## YOUR TASK
Given the entries that follow, write out exactly the lines starting at the one containing "Courbe du refroidissement" and ending at the one containing "Revenue Recognition Principle", both ends included, and only those.

## EXERCISE INPUT
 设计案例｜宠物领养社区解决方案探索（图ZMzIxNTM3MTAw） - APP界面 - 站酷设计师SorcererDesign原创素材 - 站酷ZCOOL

* * *

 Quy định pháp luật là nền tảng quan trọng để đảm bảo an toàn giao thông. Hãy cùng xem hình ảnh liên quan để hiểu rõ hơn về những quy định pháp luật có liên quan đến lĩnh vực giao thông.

--

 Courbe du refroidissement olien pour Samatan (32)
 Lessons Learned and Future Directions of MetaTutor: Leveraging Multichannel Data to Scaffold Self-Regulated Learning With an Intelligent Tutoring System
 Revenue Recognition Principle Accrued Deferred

## RESPONSE TO THIS EXERCISE
 Courbe du refroidissement olien pour Samatan (32)
 Lessons Learned and Future Directions of MetaTutor: Leveraging Multichannel Data to Scaffold Self-Regulated Learning With an Intelligent Tutoring System
 Revenue Recognition Principle Accrued Deferred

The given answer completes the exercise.